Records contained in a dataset
Content starts

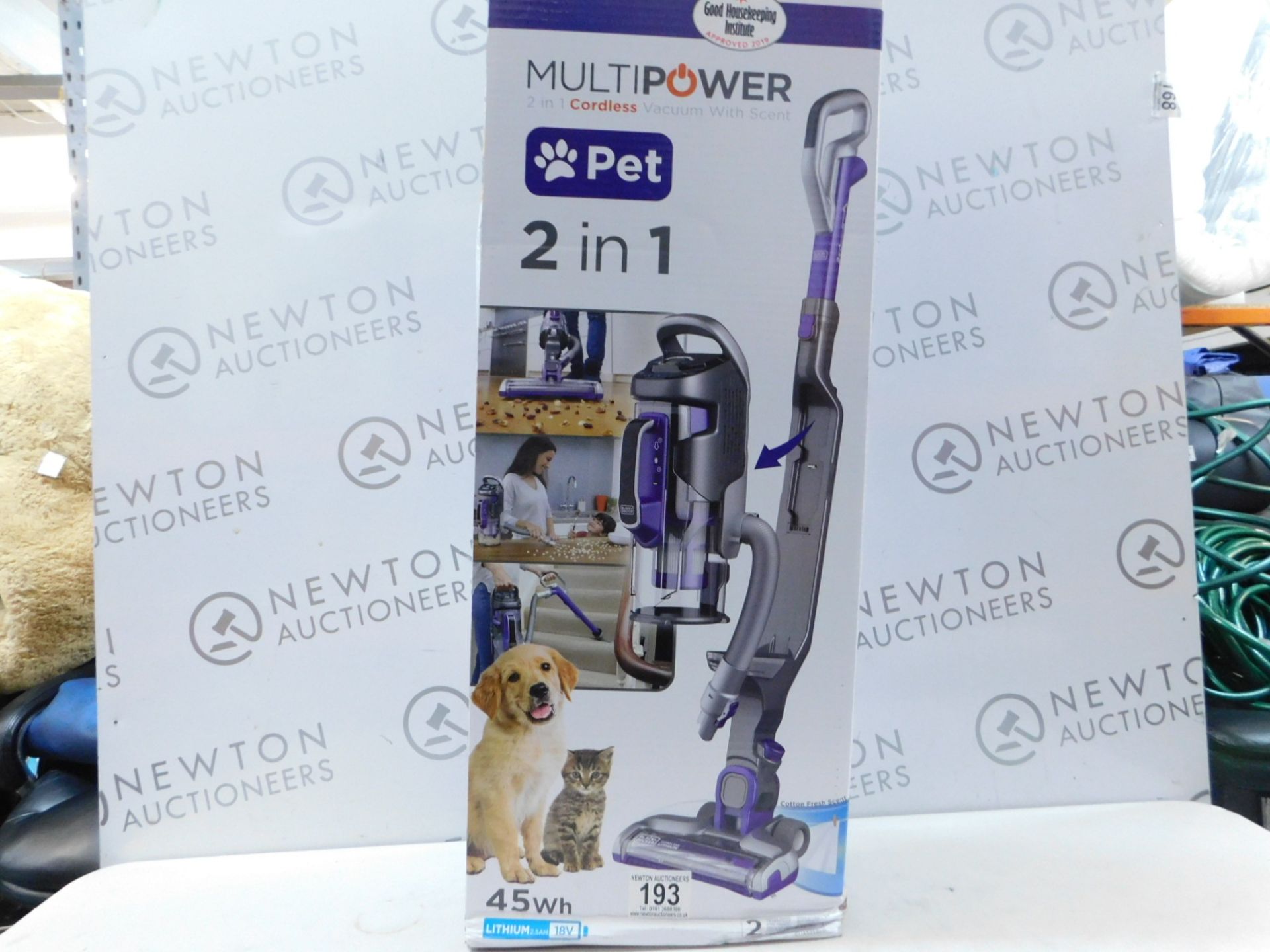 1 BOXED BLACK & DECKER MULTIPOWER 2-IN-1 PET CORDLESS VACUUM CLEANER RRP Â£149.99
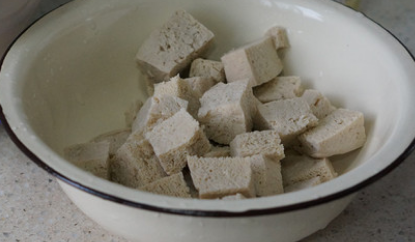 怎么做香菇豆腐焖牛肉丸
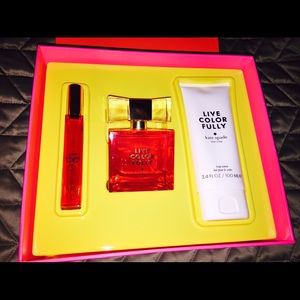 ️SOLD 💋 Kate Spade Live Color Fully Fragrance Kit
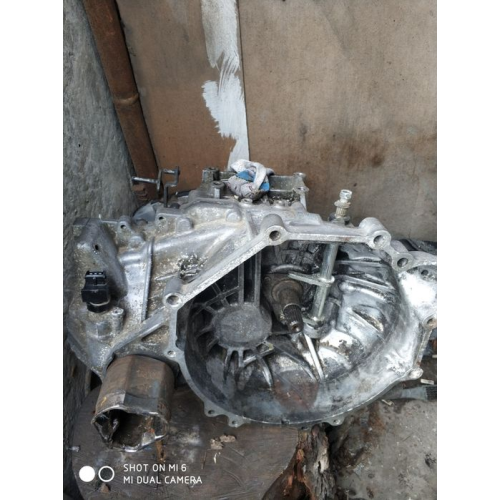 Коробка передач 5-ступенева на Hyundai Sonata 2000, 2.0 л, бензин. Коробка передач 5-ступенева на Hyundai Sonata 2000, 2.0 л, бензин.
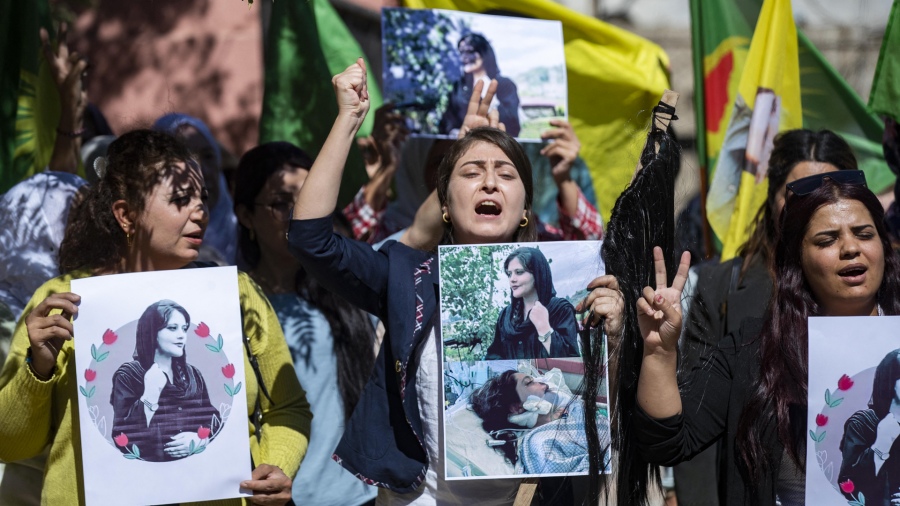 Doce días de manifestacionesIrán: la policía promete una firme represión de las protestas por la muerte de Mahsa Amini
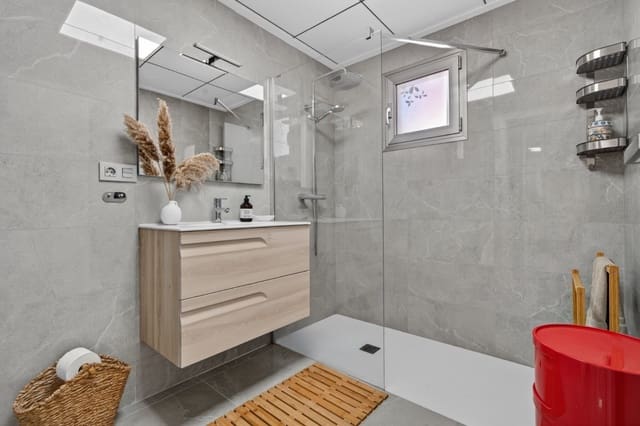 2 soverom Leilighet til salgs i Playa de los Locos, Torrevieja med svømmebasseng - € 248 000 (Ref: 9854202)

Content ends

### TASK OBJECTIVE
Your reply should be the lines of the records from the start through the line with "л, бензин. Коробка", copied word for word, pictures omitted.

### ANSWER SPACE
 1 BOXED BLACK & DECKER MULTIPOWER 2-IN-1 PET CORDLESS VACUUM CLEANER RRP Â£149.99
 怎么做香菇豆腐焖牛肉丸
 ️SOLD 💋 Kate Spade Live Color Fully Fragrance Kit
 Коробка передач 5-ступенева на Hyundai Sonata 2000, 2.0 л, бензин. Коробка передач 5-ступенева на Hyundai Sonata 2000, 2.0 л, бензин.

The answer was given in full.